Dans quel état se trouvent ces morgues ?
Dans notre enquête, nous avons trouvé que dans les huit (8) morgues publiques, l’Etat a acheté le laboratoire post-mortem pour cinq (5) d’entre elles. L’Etat lui-même, a trois morgues qui ne sont pas conformes, qui sont des chambres froides de poissonneries, de grands entrepôts de poissonneries. Exemple, celle du CHDO de Parakou, c’est une chambre froide de poissonnerie. L’Etat dit qu’il l’a installée parce que les musulmans ne gardent pas les corps pendant longtemps, c’est juste un dépôt transitoire. Mais aujourd’hui, je vous apprends qu’il y a des corps qui sont là depuis 7 ans. Malheureusement, la morgue du CNHU construite en 1962 pour 55 places est aujourd’hui hors d’usage. Jusqu’au 10 mai 2017, nous y avons dénombré 973 corps dont 238 ont été enterrés dans une fosse commune, la nuit du 18 au 19 mai à Somè. Le surplus est entreposé, toujours dans une chambre froide de poissonnerie au CNHU, jusqu’à 1m50 de hauteur.
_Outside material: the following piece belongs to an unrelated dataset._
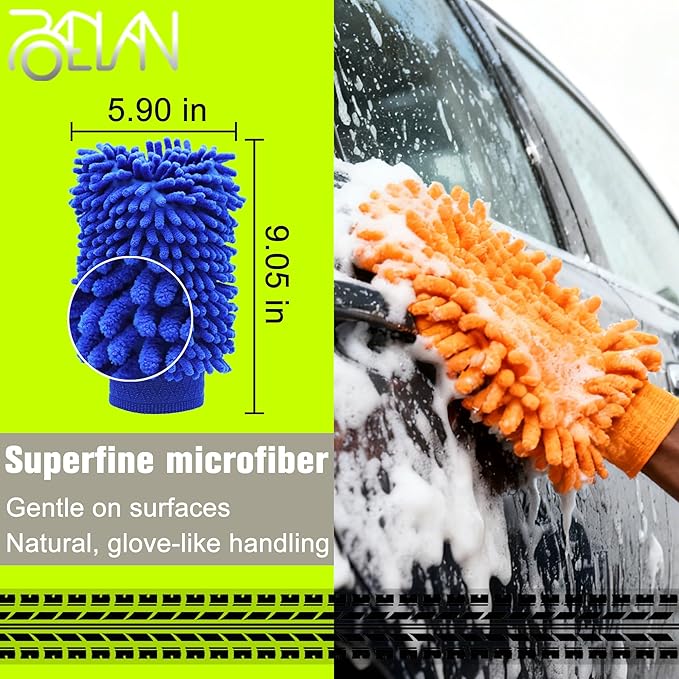Raeyuan 3-Pack Car Wash Mitt, Premium Chenille Microfiber Wash Glove for Auto Detailing, Scratch Free & Lint Free Cleaning Kit with Elastic Cuff, Color Coded System (Blue, Orange, Green)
Et dans une journée, naturellement, ces corps produisent plus de 10 L de jus. Ce sont ces liquides que les employés de morgues sont obligés de vendre à dix mille (10.000) F Cfa le litre pour compléter leur 35.000 F Cfa de salaire, le mois. C’est avec ça que les gens qui font des parfums et des savons de chance, vont faire le mélange. D’où l’incantation  »cyo non ton bo non ba ahwan kpo a ? Ayi é hon é gbé lo o, axi o ni jè’‘ ! (Un mort sorti ne manque jamais de foule. Qu’en ce jour le marché s’anime ! Ndlr). Les femmes au marché en achète pour asperger avec à la bouche, l’incantation ‘’Ayi é hon é gbé lo o, axi o ni jè ! cyo non ton bo non ba ahwan kpo a ? Cyo o jèhonto, axi ni jè’’. Voilà comment on empoisonne les Béninois au jour le jour, naturellement. On va au marché pour acheter de la tomate, on y revient avec des germes de la méningite. Parce qu’entre temps, on a aspergé d’eau de méningite, le vent soulevant de la poussière, celui qui respire rentre avec des germes. Ce qui fait que depuis un certain temps, je recommande à tout le monde de faire tous les vaccins qui existent au monde pour être sûr de ne pas effleurer la mort à chaque fois qu’on est en déplacement.
Dans la construction, malheureusement, jusqu’en 2015, la totalité des morgues privées du Bénin ont fait des faux puisards sans fond. Elles ont déversé des produits hautement toxiques et cancérigènes dans le sol nu et ont empoisonné les Béninois. Je rappelle que la première morgue privée a été autorisée provisoirement en 1990. De 1990 en 2015 où j’ai commencé à donner l’alerte, il y a eu 25 ans. Pendant 25 ans, les Béninois ont été empoisonnés à tous les niveaux, dans toutes les communes où il y a des morgues privées. Tout le monde a été empoisonné. Ça, on ne vous le dit pas, mais moi, je prends le risque de le dire.